Now let’s BLAST these two sequences against the entire zebrafish protein data set. First, we need to tell BLAST that the zebrafish sequences are (a) a database, and (b) a protein database. That’s done by calling ‘makeblastdb’:

makeblastdb -in zebrafish.1.protein.faa -dbtype prot

Next, we call BLAST to do the search:

blastp -query mm-first.faa -db zebrafish.1.protein.faa

This should run pretty quickly, but you’re going to get a lot of output!! To save it to a file instead of watching it go past on the screen, ask BLAST to save the output to a file that we’ll name mm-first.x.zebrafish.txt:

blastp -query mm-first.faa -db zebrafish.1.protein.faa -out mm-first.x.zebrafish.txt

and then you can ‘page’ through this file at your leisure by typing:

less mm-first.x.zebrafish.txt

(Type spacebar to move down, and ‘q’ to get out of paging mode.)

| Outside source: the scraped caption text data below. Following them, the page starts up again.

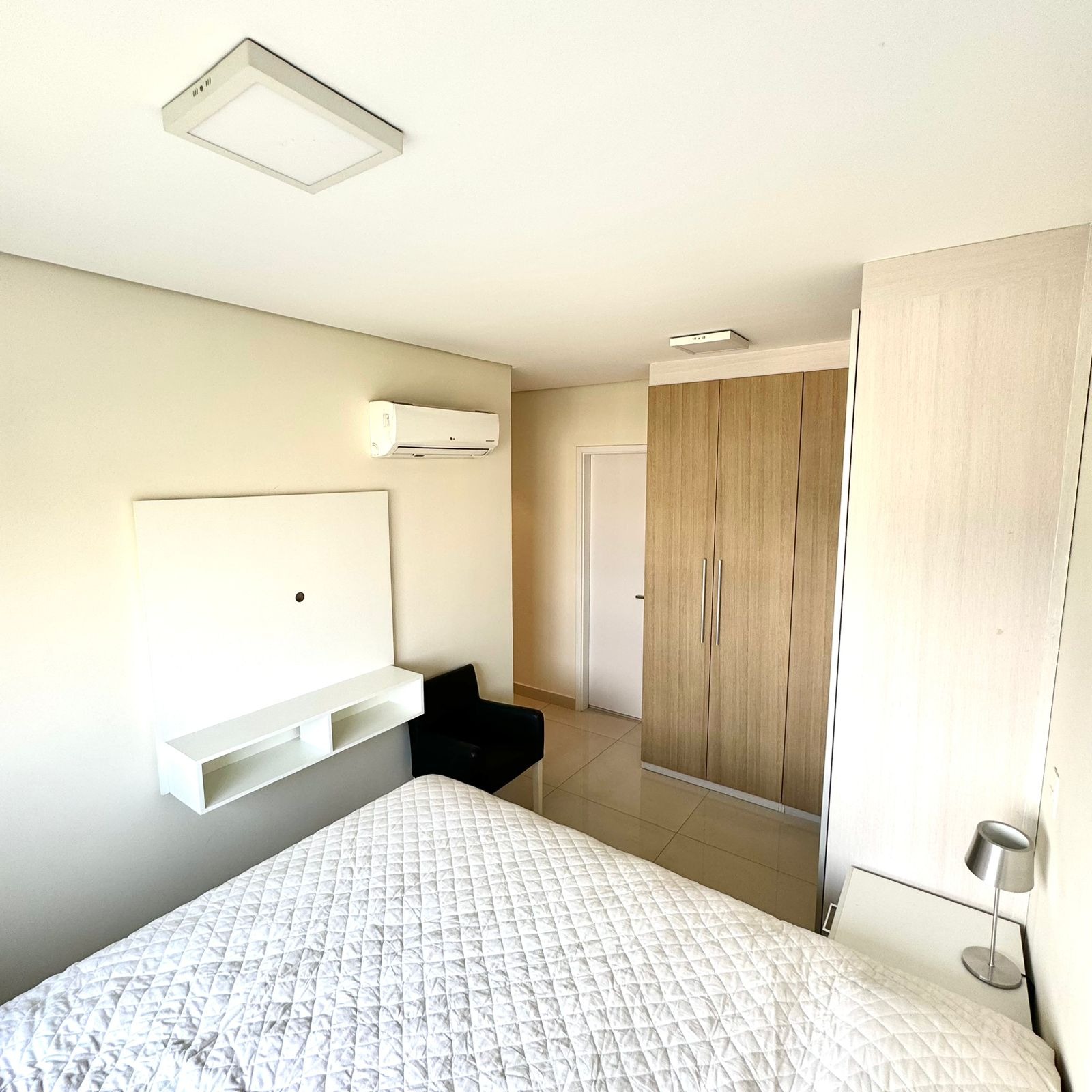 Apartamento à venda com 3 quartos, 87m² - Foto 24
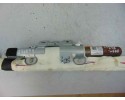 Airbag cortina delantero derecho, Ford Focus Berlina (CB8) Trend 2012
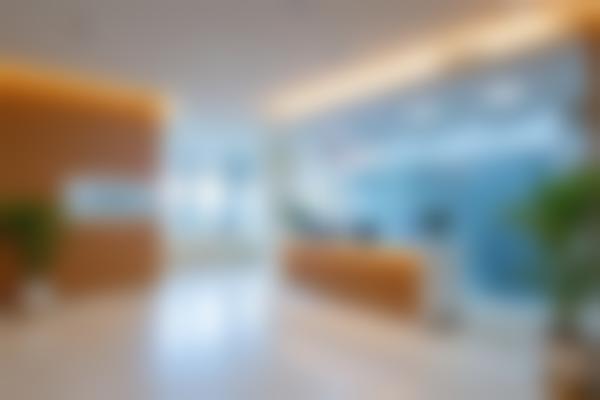 牙周病治疗费用大概多少钱？这份价目表帮你提前了解！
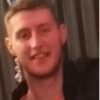 Missing People in UK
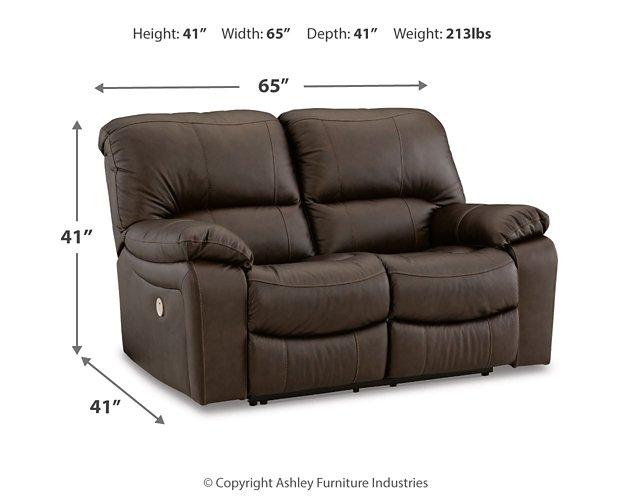 Leesworth Upholstery Package - Premium Living Room Set from Ashley Furniture - Just $2007.86! Shop now at Furniture Wholesale Plus  We are the best furniture store in Nashville, Hendersonville, Goodlettsville, Madison, Antioch, Mount Juliet, Lebanon, Gallatin, Springfield, Murfreesboro, Franklin, Brentwood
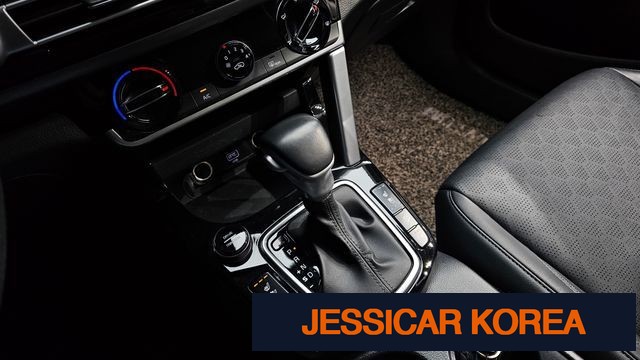 2022 Kia Seltos - Thumbnail 19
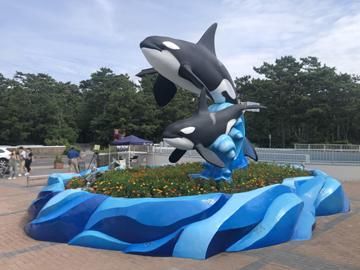 株式会社鬼工房のアルバイト・バイト求人情報-02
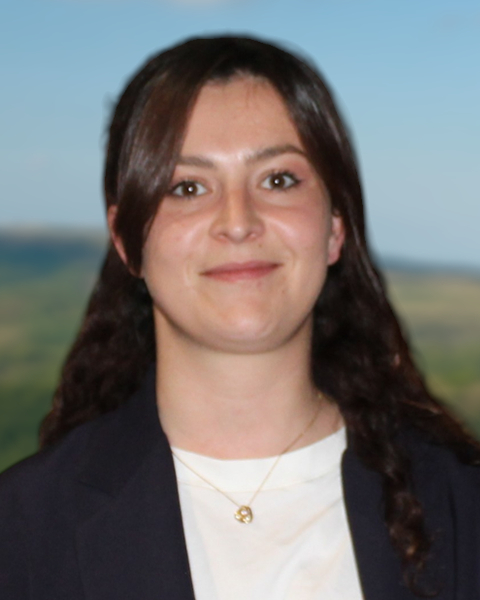 Pauline Vilchez Pauline Vilchez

Let’s do some more sequences (this one will take a little longer to run):

head -n 498 mouse.1.protein.faa > mm-second.faa
blastp -query mm-second.faa -db zebrafish.1.protein.faa -out mm-second.x.zebrafish.txt

will compare the first 96 sequences. You can look at the output file with:

less mm-second.x.zebrafish.txt

(and again, type ‘q’ to get out of paging mode.)


  • you can copy/paste multiple commands at a time, and they will execute in order;

  • why did it take longer to BLAST mm-second.faa than mm-first.faa?

Things to mention and discuss:

  • blastp options and -help.

  • command line options, more generally - why so many?

  • automation rocks!

Last, but not least, let’s generate a more machine-readable version of that last file –

blastp -query mm-second.faa -db zebrafish.1.protein.faa -out mm-second.x.zebrafish.tsv -outfmt 6

You can open the file with less mm-second.x.zebrafish.tsv to see how the file looks like.

See this link for a description of the possible BLAST output formats.